Crushing expectations leave students overwhelmed at KAIST

Posted on : 2011-04-11 14:16 KST Modified on : 2019-10-19 20:29 KST
Students report frustration from an all-English curriculum and punitive tuition system
 April 10. (Photo by Lee Jung-woo)
April 10. (Photo by Lee Jung-woo)

By Ku Dool-rae 

 

My grade point average for the first semester was 2.7. Before eating breakfast, I took my place in the library, and after classes my feet naturally took me back there. But there were too many things I did not know. I could not keep up with my lectures, and I barely managed to complete my homework. My grades fell short of the “average” level of 3.0. When the second semester began, I was going without sleep nearly every day. I felt I was at the end of my rope. One Monday morning, I abruptly decided to head back to my hometown. I could not bear to say that I would not be attending school any more. Three days passed, and my mother said it was time to go back. She took me to the bus terminal and shoved me into the packed bus. She sat there watching it drive off for a long while. The year was 1992, and I was a freshman at KAIST. Nonetheless, I survived, and today I am working as a journalist. Perhaps if I were attending that school today, I would be called a “loser” or a “failure.”

On Sunday afternoon, I visited KAIST, nearly twice the age and weight I had been the last time. It was far classier than it had been before. The swimming pool had transformed into a dazzling building, while the stadium was refurbished with a baseball field. The temporary buildings where club meetings had been held had been cleared away, revealing the “Eureka Hall” behind them. The greasy spoon restaurant where we satisfied nighttime cravings had been demolished, and the shop transformed into a Burger King.

But at news of the fourth student suicide at the school just this year, all the frustrations from twenty years before came rushing back. I called a classmate in the class of ’94 for the first time in many years and was told, “It seems like it has increased a lot even compared to when we were there.”

The issue of the differential tuition system is the focus of criticisms, and the school has taken initial steps toward abolishing it. But the student frustrations remain. KAIST conducts all of its courses in English, one of the “reforms” carried out by newly appointed President Suh Nam-pyo in the fall of 2006. Suppressions of students have also become overt. In 2008, student body elections were postponed indefinitely with the establishment of a school regulation stipulating that “no student who has gone over their year limit can become a student representative.” At the end of that year, a student who posted on the Internet portal site Daum calling for reforms to KAIST was reported on defamation charges.

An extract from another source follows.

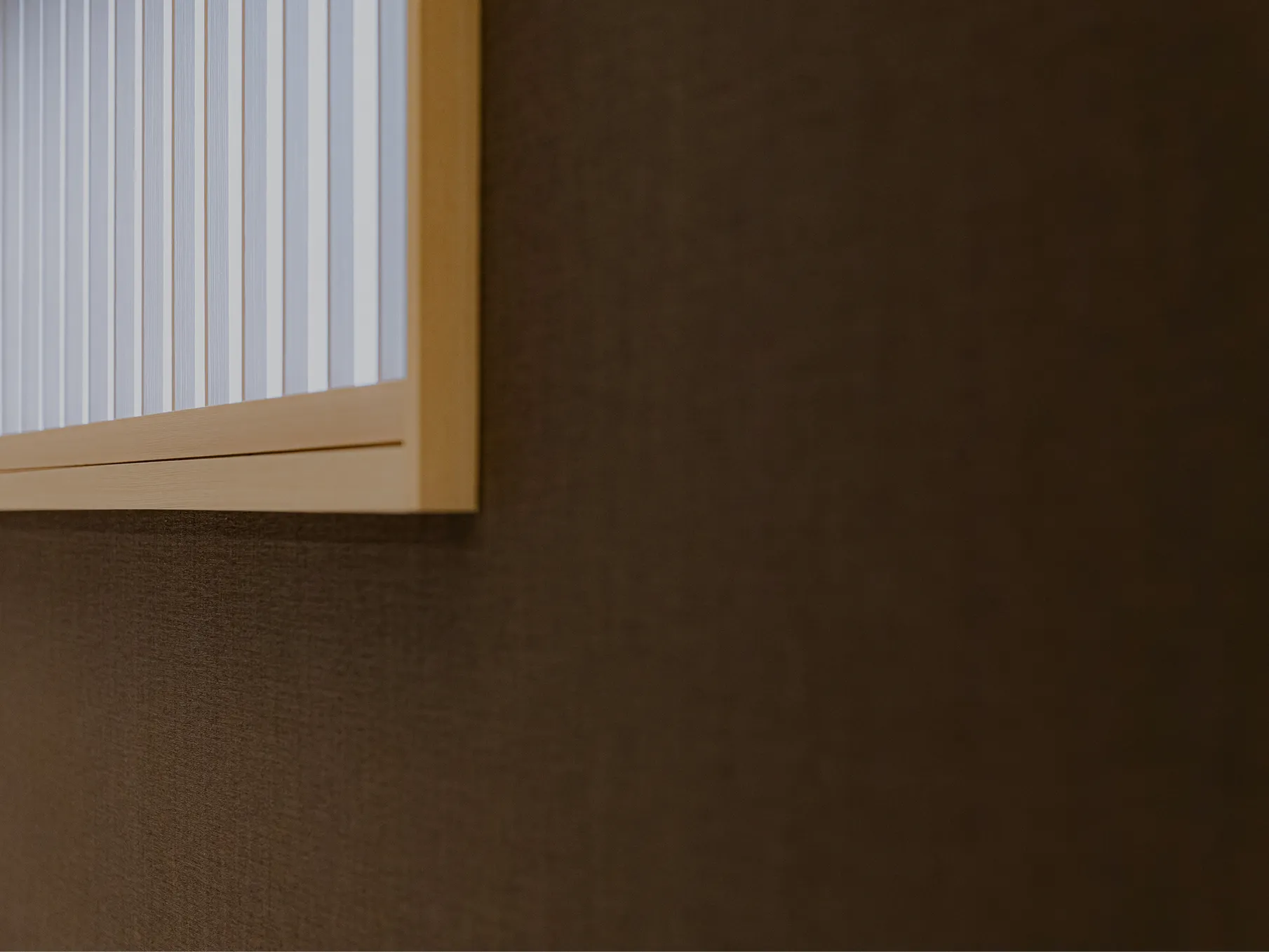 落ち着いた雰囲気のお部屋の茶色の壁と和風な窓枠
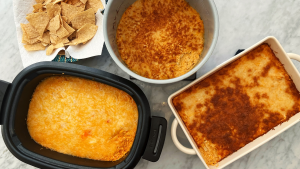 A bowl of tortilla chips and three pans of buffalo chicken dip laid out on a marble counter.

English-language courses became “without exception,” the argument being that “students would flock to any exception that exists.” Students study Chinese history, Eastern philosophy, and the Japanese language in English.

“I did hear a lecture in Korean once,” a student recalled. “I thought to myself, ‘Is this what it is like to hear a lecture in Korean?’ It was revolutionary.” Bulletin boards have seen posts from students who claim not to have understood anything in their English lecturers.

When I said I was astonished the students were handling the situation, a reporter with the school newspaper handed me an old edition. Students had held an assembly to point out the problem areas with the 2006 unilateral reform plans. In 2008, they had a dialogue with the president, but no headway was made.

“We were reporting about how the Suh Nam-pyo reforms were focused solely on ‘performance,’ and now that something unfortunate has happened everyone is taking about all the problems that existed,” said Song Seok-yeong, a reporter with the KAIST Times. Song said the belated interest from outside left a sour taste in his mouth.

A student explained that once a student is subjected to jangjjal, having their state-sponsored scholarship money cut because their GPA is below 3.0, the student comes to think of himself or herself as a “loser.”

“At other schools, you are an excellent student if you are getting scholarship money,” the student said. “But here it is taken for granted that we get scholarship money, so if you do not, they whisper about you, saying that they do not think you are studying hard. Even though it creates hurt for each other...”

However, the school remains something of a mystery. On the bulletin board, opinions are roughly split over a message of “Stay Strong, President Suh Nam-pyo!” with 53 recommendations and 43 non-recommendations. Another post went up reading, “They are telling us that you are not qualified to stay at KAIST if your GPA is under 3.0, even if you really worked hard. They have recommended that post about fifty times. It is really scary.”

I knew all about competition and failure in 1992. I also had a sense of indebtedness over the fact that I was studying with state support. I did not need a punitive tuition system to feel that. Still, I had a way out. Today, however, the students are utterly overwhelmed, with obstacles in every direction.

Meanwhile, a professor at KAIST, surnamed Park, was Sunday found hanged by his wife hanged in the kitchen of his apartment in Daejeon. The 54-year-old Park left a suicide note asking to take good care of his children, according to the police. Park’s colleagues told police that the professor expressed worries about the state audit.